Yesterday I tried to look into the differences between using Zookeeper vs Consul for service discovery. In summary I don’t think that Consul has anything that Zookeeper can’t accomplish, but Consul comes with it built-in.

Consul

How it works

I like to think of Consul in terms of two communication layers: the client communication layer, and the Consul servers communication layer.

Clients

All consul clients have a consul agent running alongside the actual service (similar to Netflix’s sidecar pattern). These agents have two jobs:

  1. Do health checks
  2. Maintain service registration and liveness

Consul agents provides built-in health check service where it will run a list of specified scripts at specified intervals and check the output of those scripts to mark the service as healthy or not. The agent will also expose these health checks via HTTP. The user will configure the health checks and provide the script to run so you can easily plug in scripts to check for disk space, memory usage, load average, TCP checks, ping, etc.

The Consul agents also take care of registration and liveness. It registers the client service to a central service registry (more on this later). It also maintains gossip-style connections with other clients. This gossip protocol distributes 3 pieces of information:

  1. Available servers
  2. Failure detection (via heartbeats)
  3. Broadcasting new messages/events (e.g. new leader)

Servers

Consul servers are at the core of the service discovery system. They are the final source of truth of what services are out there for what service types. The servers operate in a cluster that uses the RAFT consensus protocol to coordinate requests and transactions.

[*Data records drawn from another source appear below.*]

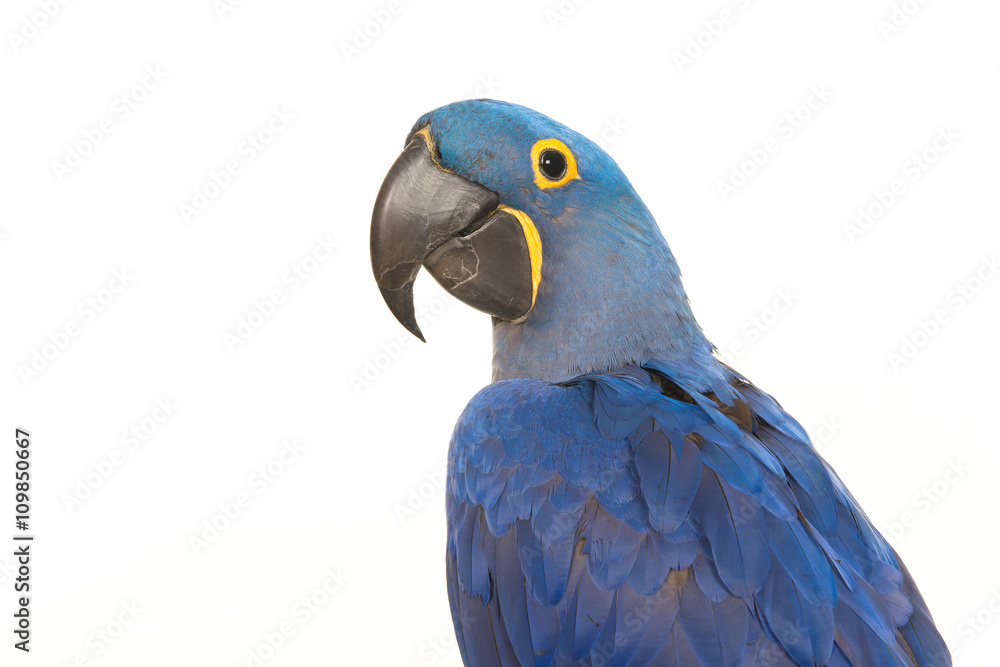 Fototapeta premium Hyacinth macaw portrait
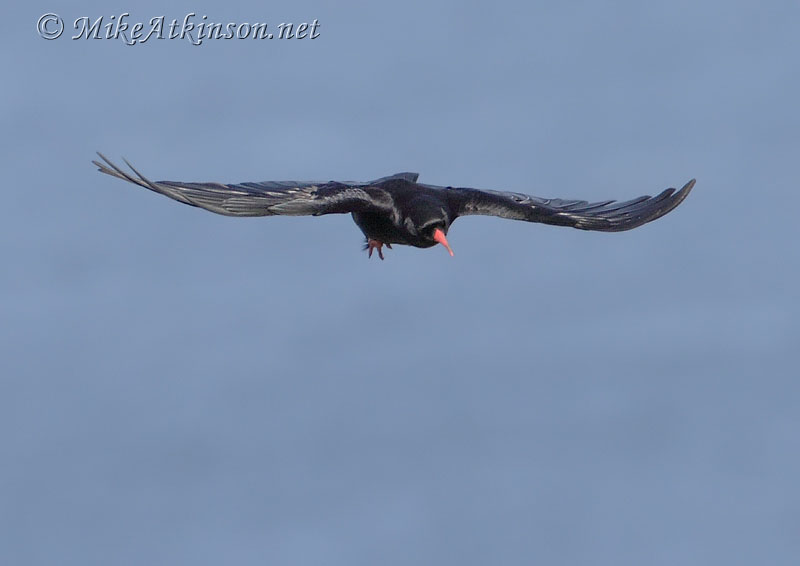 Chough
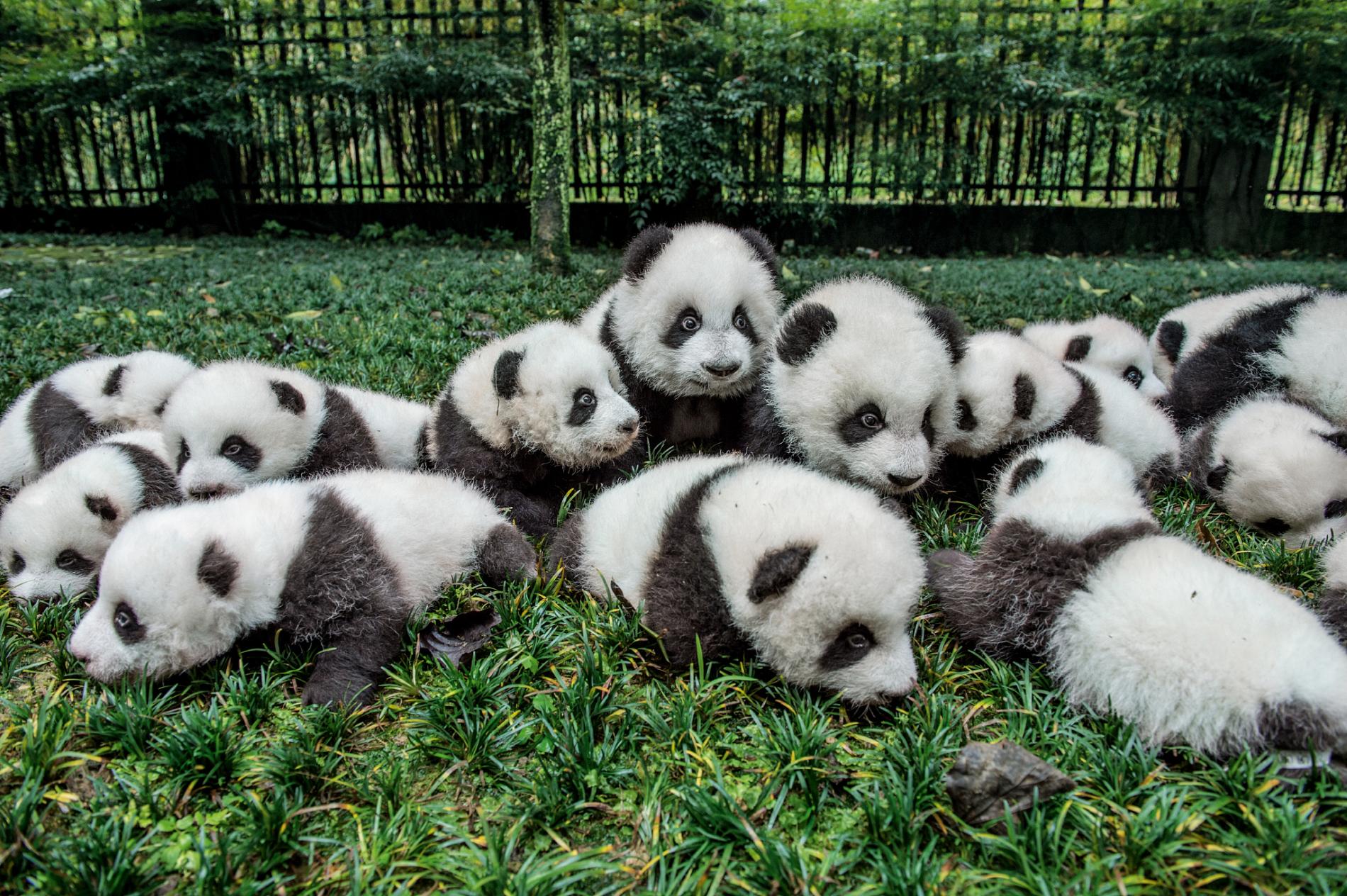 How Many Pandas Are In The Us 2024 List - Randi Carolynn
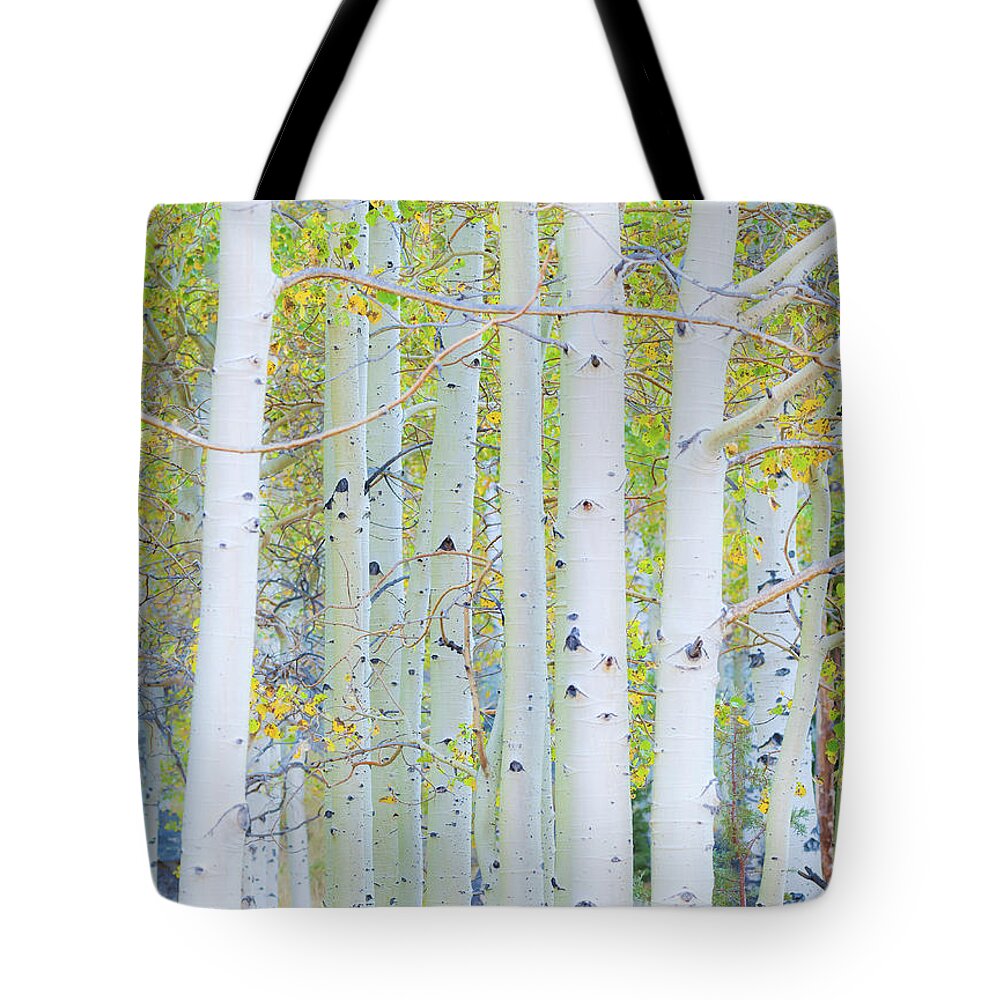 Fall Tote Bag featuring the photograph Aspen White by Jonathan Nguyen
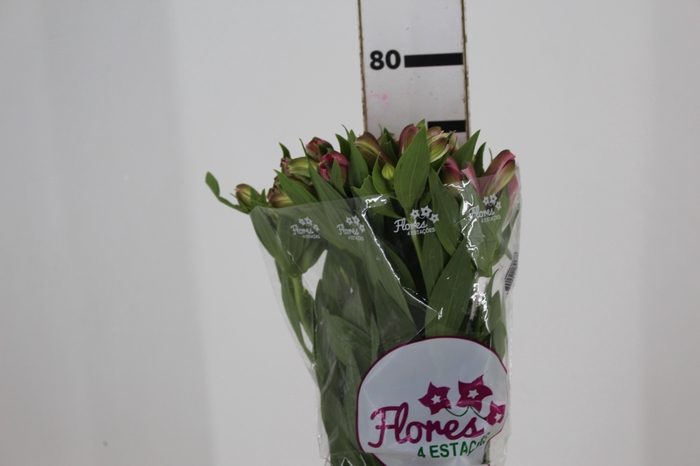 <h4>ALSTROEMERIA AUDREY 080 CM</h4>
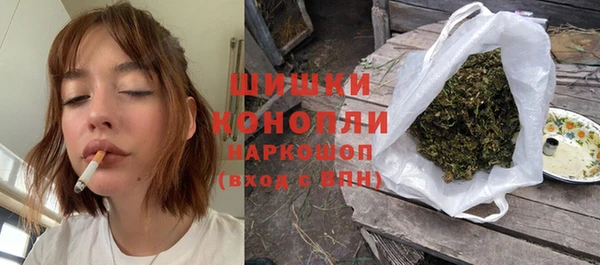 прущие грибы Беломорск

The Consul servers also participate in their own gossiping but this is between data centers. It operates very similarly to the clients and the purpose of this gossip is to broadcast available servers and any new messages.

Consul vs Zookeeper

I would summarize the difference between Zookeeper and Consul as: Consul is what you would get if you built a cross-data center service discovery on top of Zookeeper for a global distributed system. It basically just comes built-in a bunch of features that you would probably find yourself building for your global service discovery.

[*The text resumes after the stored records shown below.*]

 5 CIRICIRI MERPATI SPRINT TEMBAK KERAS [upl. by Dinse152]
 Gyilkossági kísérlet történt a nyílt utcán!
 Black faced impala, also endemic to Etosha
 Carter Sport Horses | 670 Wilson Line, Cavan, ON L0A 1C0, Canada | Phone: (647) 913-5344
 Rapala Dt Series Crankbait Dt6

  • Lightweight service discovery agent that would register services to the discovery cluster and also keep track of & cache the list of available servers.
  • Health checks on the service that would remove/add services to the cluster if it is unhealthy/healthy.
  • Local service discovery clusters in each data center that would talk to other local cluster in other data centers for cross-dc service discovery.
  • Some sort of exposed HTTP dashboard to view service health and registration on individual servers as well as a global dashboard.